Título Original: She Said (EUA)
Ano: 2022
Diretora: Maria Schrader
Elenco : Zoe Kazan, Carey Mulligan, Patricia Clarkson, Andre Braugher, Jennifer Ehle e Samantha Morton.
Duração: 129 min.
Nota: 3,5/5,0
 

“Ela Disse” desespetaculariza o caso real ao criar um interesse no relato e não em encenar o ocorrido

Apesar de uma série de filmes interessantes sobre casos super relevantes, são poucas as obras sobre o jornalismo capazes de serem marcantes como “Todos Os Homens do Presidente”, o longa que serve como modelo ao falar de jornalismo investigativo no cinema. Não que filmes como “Spotlight” sejam esquecíveis, muito pelo contrário, mas esse tipo de produção sempre demonstra um interesse muito maior no que está contando do que no como vai contar. Não à toa, dificilmente lembramos quem são os diretores desse tipo de longa.

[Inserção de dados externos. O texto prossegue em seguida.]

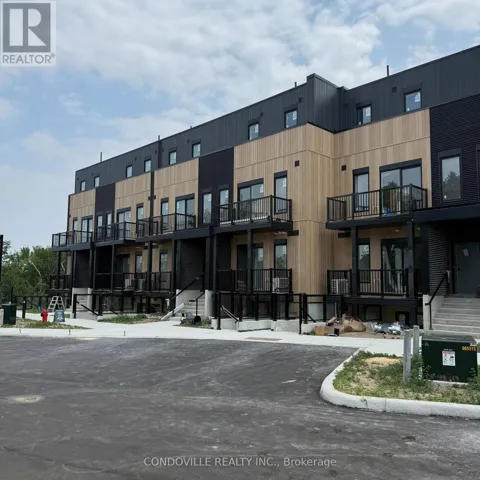 3 - 854 DOON VILLAGE ROAD E, Kitchener, Ontario N2P1A3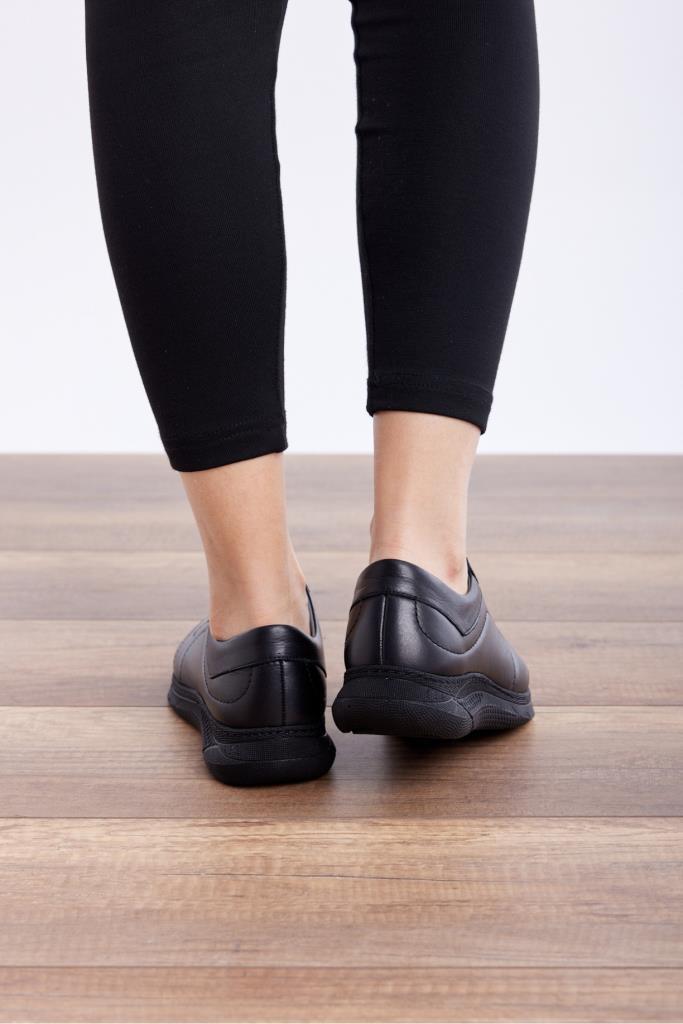 Hakiki Deri Lastik Bağcıklı Kadın Casual Ayakkabı 
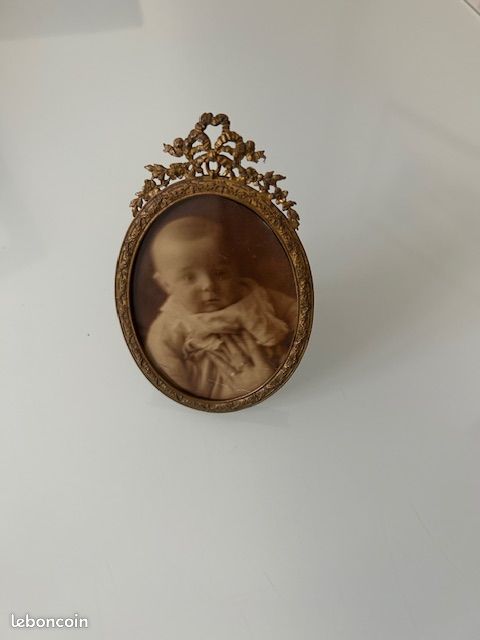 Cadre photo ancien ovale en laiton doré style Louis XVI - Nœud & Ruban (image 1)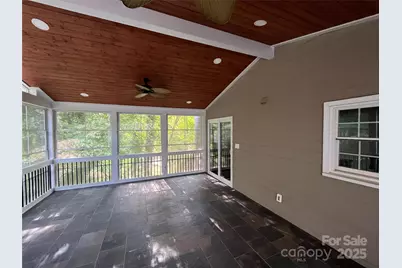 4321 Silvermere Way, Charlotte, NC 28269 - Photo 15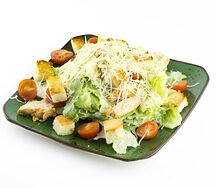 Салат Цезарь с курицей 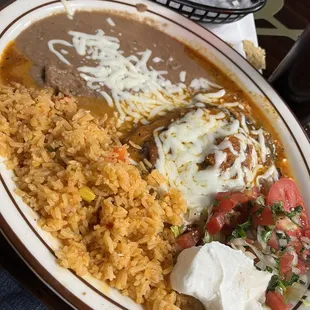 a plate of mexican food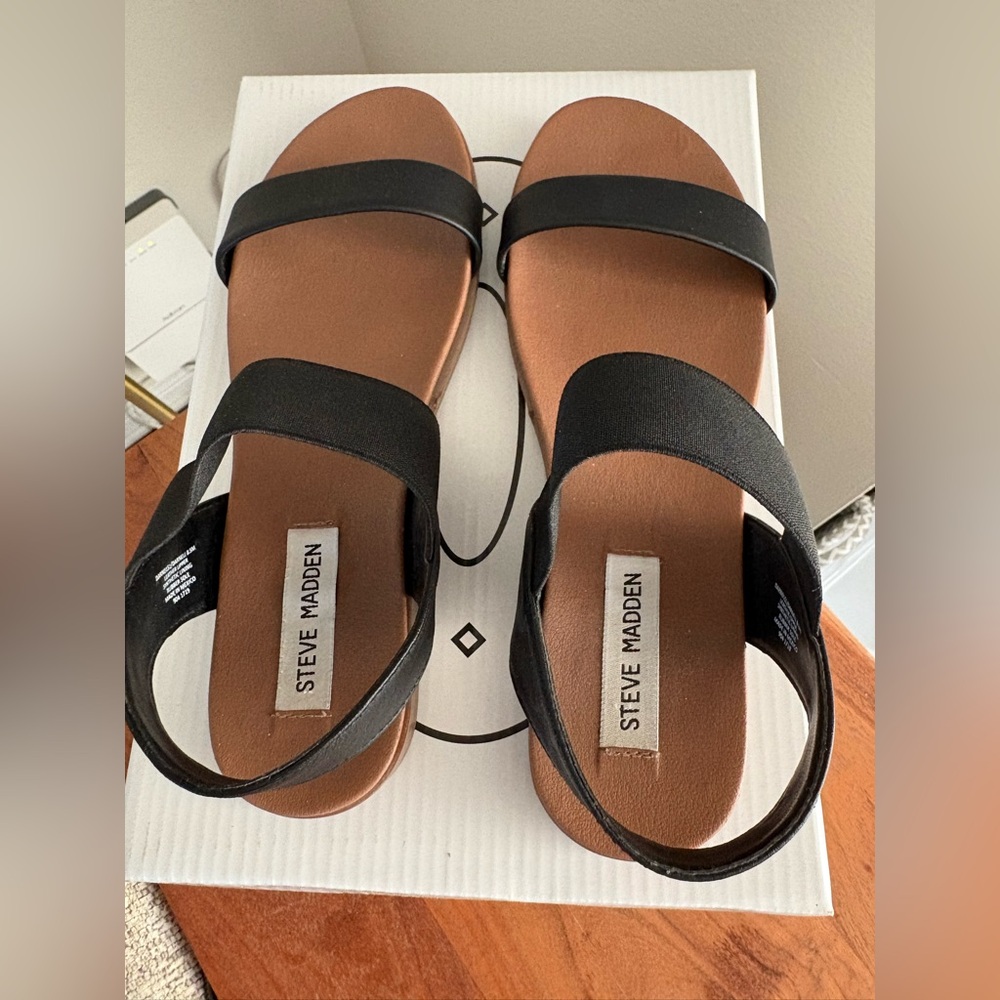 Steve Madden Black and Tan Darnell Sandals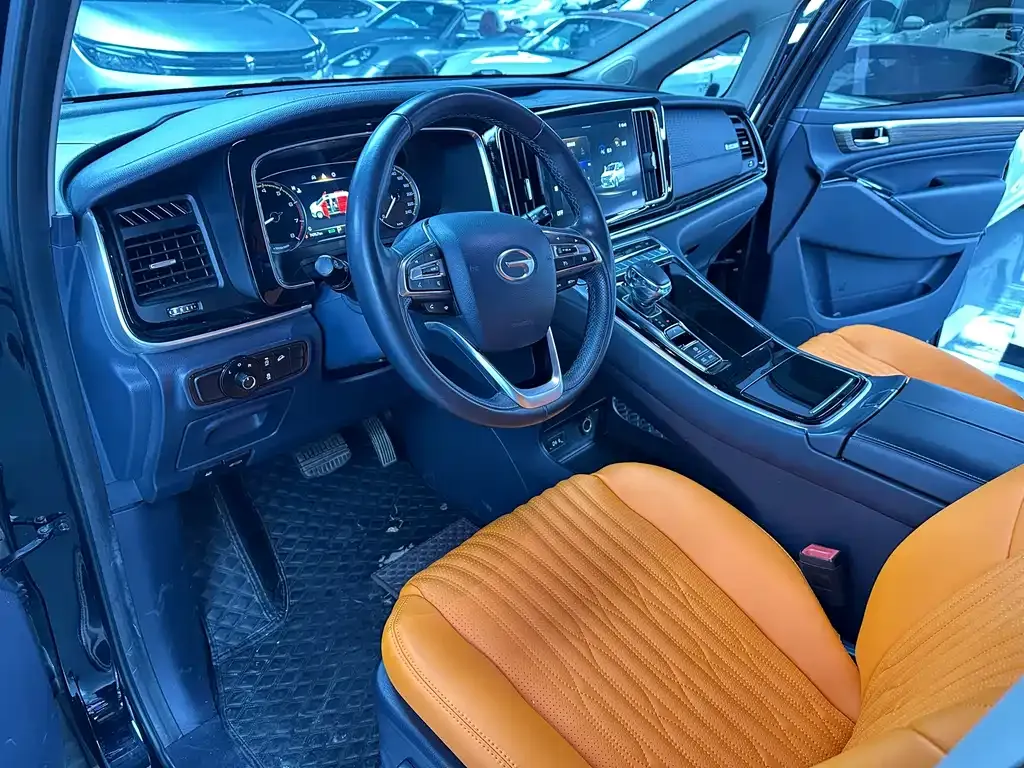 GAC Motor Trumpchi M8 — фото 8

No caso de “Todos os Homens do Presidente”, Alan J. Pakula tem um claro interesse pelo caso Watergate, porém, o que torna a sua obra tão marcante é justamente como envolve os fatos reais em um thriller opressivo e angustiante, fazendo o público se sentir na pele dos jornalistas, da claustrofobia da redação do Washington Post, passando pelas portas fechadas na cara, até a temível garagem escura onde o “garganta profunda” revelava informações secretas pela metade.

Em certo sentido, Maria Schrader até pende a balança para a narração do fato, a matéria do New York Post, das jornalistas Jodi Kantor e Megan Twohey, que escancarou os casos de abuso sexual, estupro, entre muitos outros crimes, do magnata Harvey Weinstein, além de mostrar como Hollywood é uma indústria que cria uma rede que normaliza e protege práticas como essas, impossibilitando as vítimas de exporem qualquer caso semelhante. 

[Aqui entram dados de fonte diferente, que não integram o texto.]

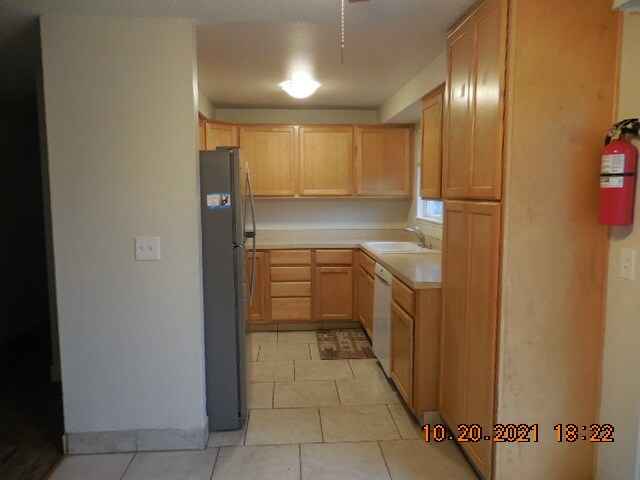 Foto del edificio - 1109 E 30th St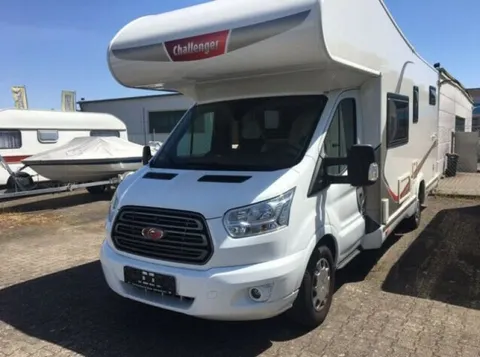 Ford Wohnmobil Challenger C394 Genisis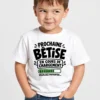 T-shirt enfant prochaine bêtise en cours de chargement porté par un garçon avec un message humoristique.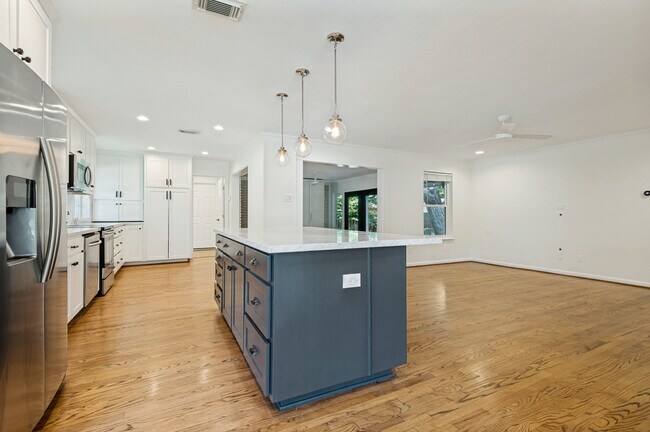 Building Photo - 7105 Bennington Dr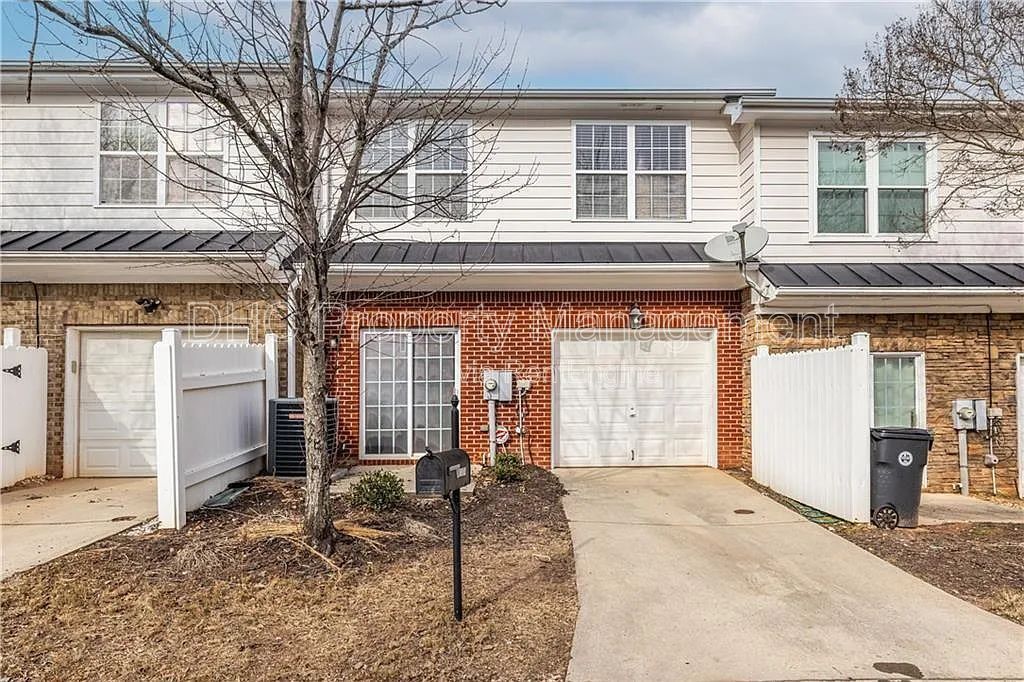 Charming 3BR Home in East Point – Spacious Living, Private Yard & Easy Atlanta Access property image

Isso fica claro em como a montagem apressa a apresentação de Jodi e Megan, revelando a primeira como a mais jovem que teve tal matéria nas mãos, enquanto a segunda como alguém mais experiente e acostumada, dentro do possível, a lidar com casos parecidos, como o que abre o longa sobre as investigações contra Donald Trump e todos os abusos do ex-presidente, até então em sua primeira campanha, relatados por diversas mulheres. Para isso, o filme até se utiliza de passagens do livro no qual o longa se baseia, jogando frases soltas e mostrando em poucos minutos quem são aquelas mulheres, tanto profissionalmente, quanto em suas vidas pessoais.

Mas a obra realmente engata e começa a demonstrar uma visão mais particular de sua diretora quando elas se unem e começam a investigar o caso Harvey Weinstein. É justamente a partir desse momento que o filme passa a integrar o tema central a sua encenação. Quando a investigação começa, Schrader contradiz aquilo que parece ser uma das “regras” do cinema: “não fale, mostre”. Justamente por se tratar de uma história sobre a busca pela verdade por essas jornalistas, e, sobretudo, sobre acontecimentos terríveis com as mulheres que foram vítimas de Weinstein, a diretora vai no sentido contrário, o de rejeitar uma encenação dos acontecimentos.

Com isso, o que muitos diretores transformariam em longos flashbacks capazes de chocar o público pelo visual, Schrader retrata em algo esteticamente simples, mas muito mais poderoso. O mostrar dá lugar aos relatos das vítimas, o interesse se desloca do ver para o ouvir o que elas têm a dizer. Ao fazer das entrevistas o foco da investigação, e do plano e contraplano a base da mise en scene, a cineasta amplifica a voz daquelas mulheres, justamente voltando a atenção para aquilo que o mundo e aquela indústria sempre tentaram silenciar.

Dessa forma, Schrader desespetaculariza o fato, claro que não de uma forma tão crua, já que a trilha sonora e as pausas dramáticas para momentos decisivos ainda estão presentes, e, assim, revela todo o seu interesse pelo caso real e, principalmente, seu amor pelo jornalismo, a partir do momento que faz do ato de ouvir relatos a base de sua construção estética.